The Hare by Melanie Finn is a feminist thriller. The story of an art student, Rosie Monroe, who falls in love with the much older “world-wise”, Bennett Kinney. Starting as a twisted unbalanced love story, Rosie finds herself pregnant, and the rest of the story follows her decision to keep the child, Kinney’s life, and Rosie’s own growth. Content warnings for: abortion, childhood sexual abuse, pedophilia, and transphobic speech towards the end.
Rosie is an orphan who was raised by her grandmother and she falls in love with Bennett who seduces her with his tales of hanging out with celebrities, leading a rich but suspect lifestyle, and indulging her. Bennett is a con-man and Rosie starts to see his truth when he takes her and their infant daughter, Miranda, away to a lonely falling-apart house in Vermont for his supposed teaching job. He leaves them alone and Rose (she shortens her name) learns to survive with the help of her neighbor, Billy (full name, Willamina), a tough, brave, and resourceful woman with six dogs. The descriptions of the Vermont area through Rose’s survival are desolate, beautiful, horrifying, and breathtaking. I felt very sad reading about her struggles; she seemed like a pioneer in her fight for survival.

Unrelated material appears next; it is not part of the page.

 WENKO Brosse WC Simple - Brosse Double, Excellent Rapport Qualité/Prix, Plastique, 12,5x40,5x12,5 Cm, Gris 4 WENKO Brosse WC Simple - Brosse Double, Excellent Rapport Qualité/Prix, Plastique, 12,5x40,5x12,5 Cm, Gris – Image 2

Bennett’s schemes result in further problems and in Rose making rash decisions. Rose has to live with the consequences of her action and these make the novel a thriller, rather than just a story of human perseverance and a guide to surviving the world in Vermont.

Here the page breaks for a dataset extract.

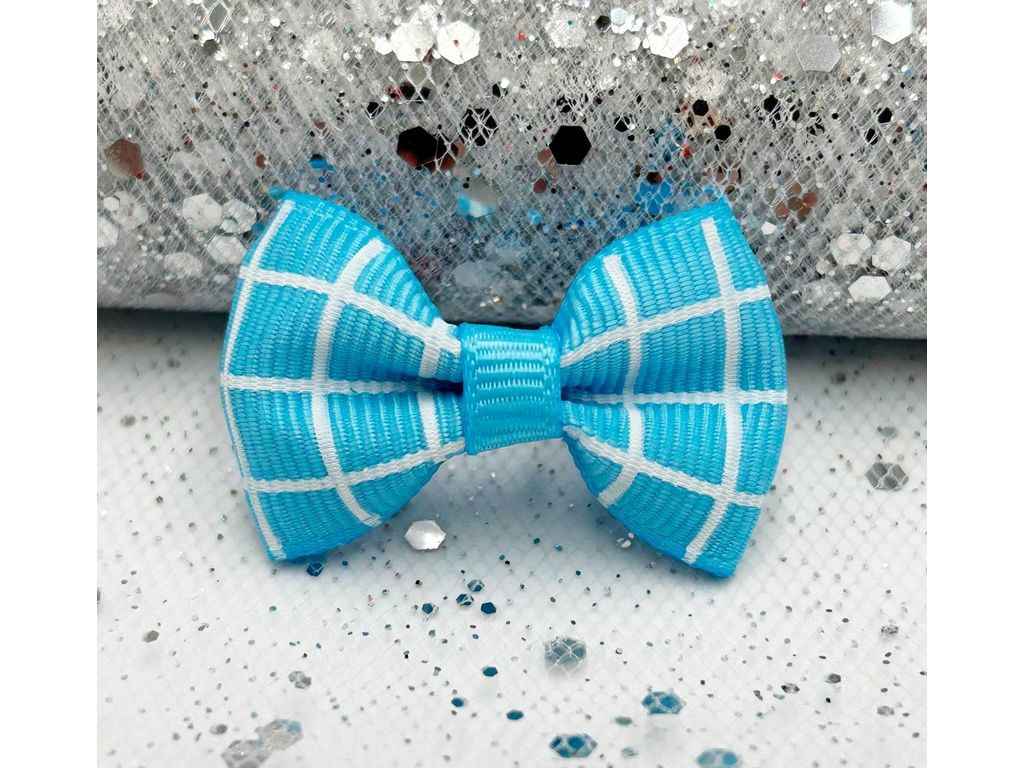 Подарункові бантики 3,5*2см блакитний 10пр з принтом Клітка арт.БХ-236 ТМ КИТАЙ Подарункові бантики 3,5*2см блакитний 10пр з принтом Клітка арт.БХ-236 ТМ КИТАЙ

I enjoyed seeing Rose’s growth as a strong individual who doesn’t give up in the face of adversity, although at times I found her innocence and naiveté baffling. The contrast between her life and that of Bennett’s WASP-ish lifestyle made me laugh and angry in turns. Rose’s realization of her identity as a woman, and a woman with limited resources who single-handedly arise her daughter is admirable. The novel has scenes where Rose’s poverty and helplessness are stark and heart-wrenching. This novel brought out a lot of strong feelings for me and is not for the faint-hearted. It is intense, polarizing, and inspiring. A recommend read with conditions attached.